A análise dos sistemas financeiros dos países do Mercosul mostrou, em primeiro lugar, conexão evidente entre vulnerabilidade externa, instabilidade macro e fragilização dos sistemas financeiros, sobretudo nos casos de Argentina, Paraguai e Uruguai. Uma conexão tão estreita entre as crises externas e financeiras ocorreu em função de esses sistemas serem amplamente liberalizados. Em segundo lugar, foi possível observar nesses sistemas elementos comuns, assim como importantes assimetrias. Entre os elementos comuns, destacam-se: (i) abertura e liberalização financeiras (ii) importantes processos de fragilização dos sistemas financeiros, os quais, com exceção do Brasil, significaram crises bancárias; (iii) preponderância do mercado de crédito relativamente do mercado de capitais, quase inexistente em alguns dos países, mesmo após a abertura externa; (iv) importância da participação das instituições financeiras públicas. Entre as assimetrias, podem-se ressaltar as enormes disparidades de tamanho, organização e complexidade dos sistemas.

A análise evidenciou também ou a inexistência ou a insuficiência de mecanismos de financiamento de longo prazo nos países do bloco, o que é um ponto de extrema gravidade. Enquanto o Uruguai e sobretudo o Brasil apresentam mecanismos de financiamento de longo prazo mais estruturados e importantes (ainda que certamente não suficientes), centrados em bancos e/ou fundos públicos, não se vê o mesmo nos sistemas financeiros da Argentina e do Paraguai. Na verdade, tal como apontado no trabalho, a abertura e a liberalização desses mercados - menos exacerbada no Brasil do que nos outros países do bloco - não foram capazes de viabilizar mecanismos de financiamento privado de longo prazo, o que aponta, mais uma vez, para a importância das instituições regionais de financiamento. Tampouco, como também se observou, de concorrer para a maior estabilidade desses sistemas financeiros. Antes o contrário.

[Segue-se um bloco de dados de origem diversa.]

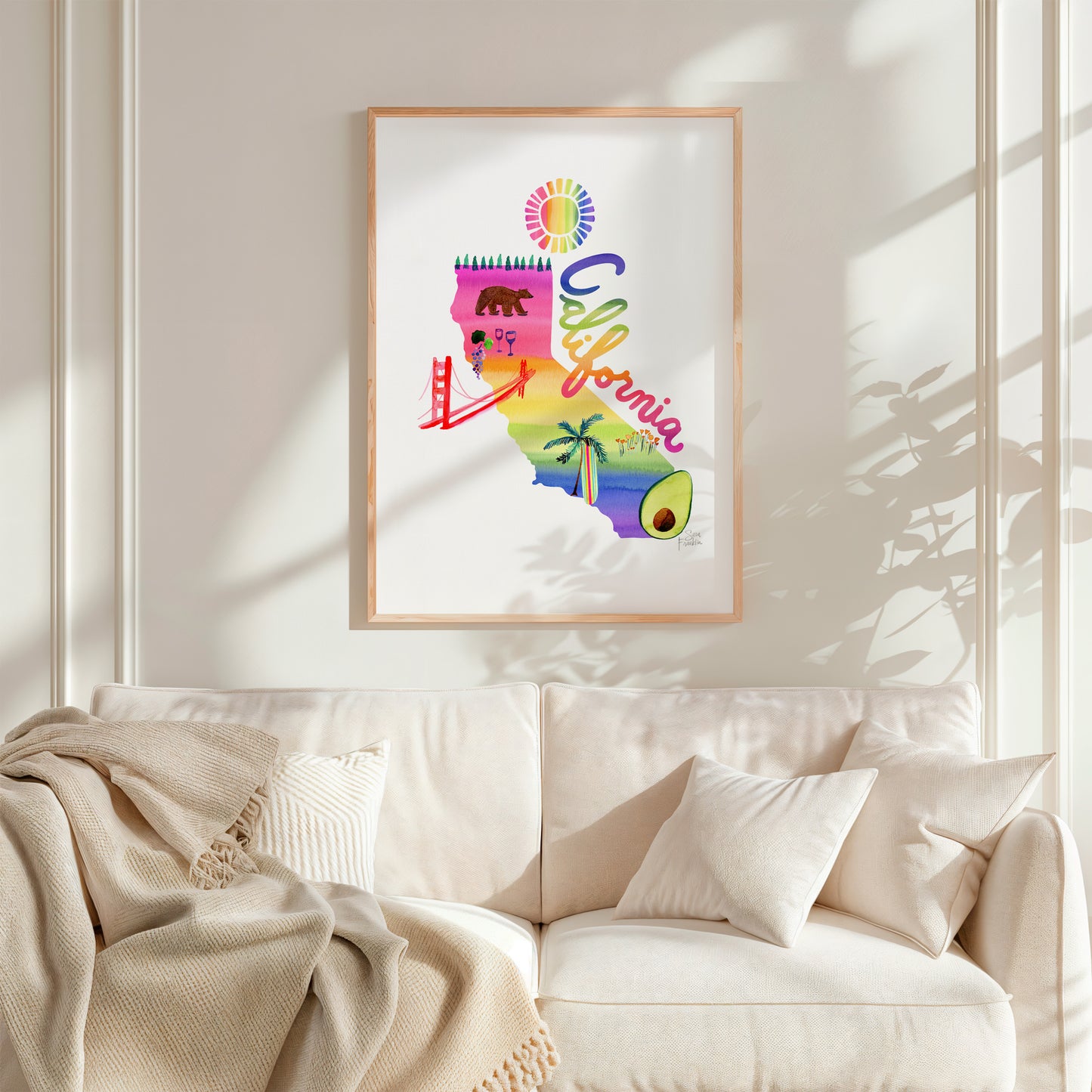 a living room with a white couch and a poster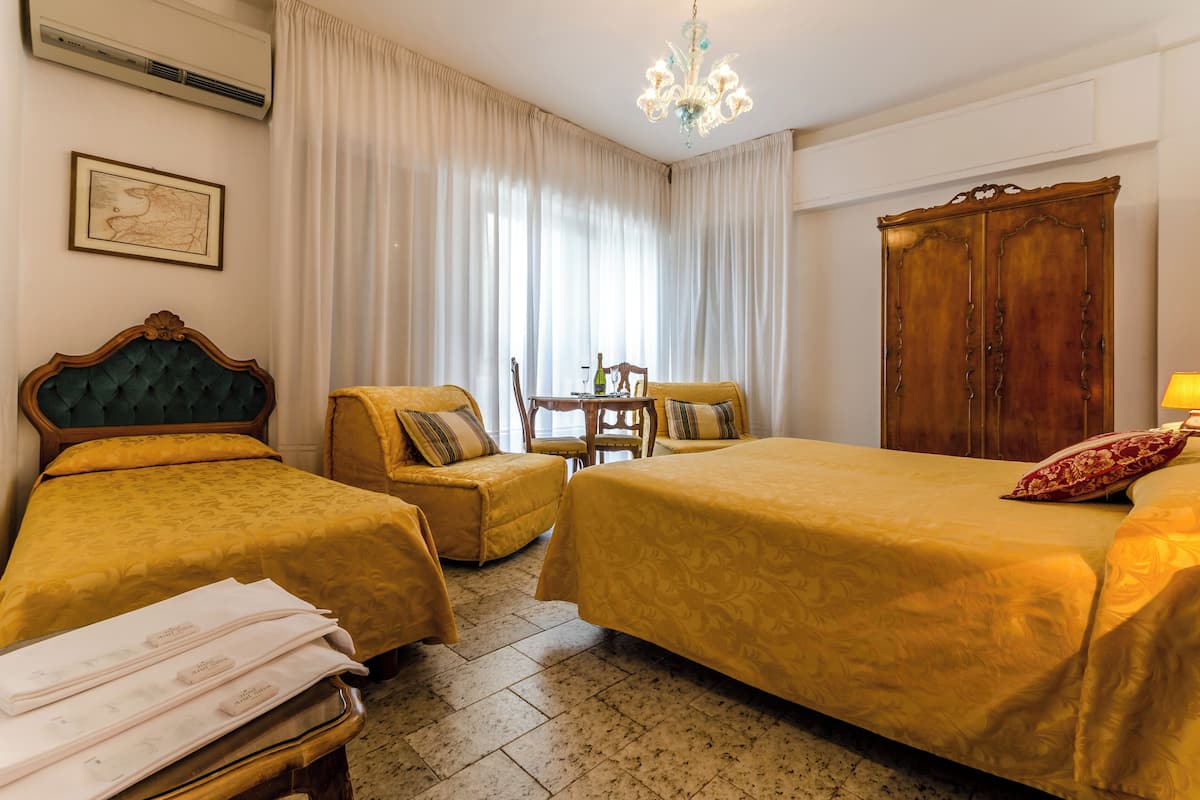 A hotel room with two beds, a wooden wardrobe, a chair, a small table, and a chandelier.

Sobre as instituições financeiras analisadas, as evidências indicam terem sido essas, de forma geral, bem-sucedidas em sua atuação. Cabe aqui recuperar o que foi destacado no texto, isto é, a importância da atuação do CCR e do FLAR quando dos períodos de escassez de divisas e crises externas. Cabe apontar novamente para a importância relativa do Fonplata no financiamento da infraestrutura, tendo em consideração a carência de funding de longo prazo em grande parte dos países da região. E o mesmo vale, mas com importância ainda maior, dado o volume de recursos que mobiliza, para a CAF, a qual vem concentrando progressivamente seus desembolsos em recursos de longo prazo. Tais evidências apontam para a necessidade de ampliar e tornar mais eficiente essa atuação, através de maior coordenação entre as instituições e de ampliação de sua capacidade de ação, no sentido de permitirem uma "defesa" mais eficaz contra as crises externas, ao mesmo tempo em que viabilizam aprofundamento da integração no plano produtivo e da infraestrutura.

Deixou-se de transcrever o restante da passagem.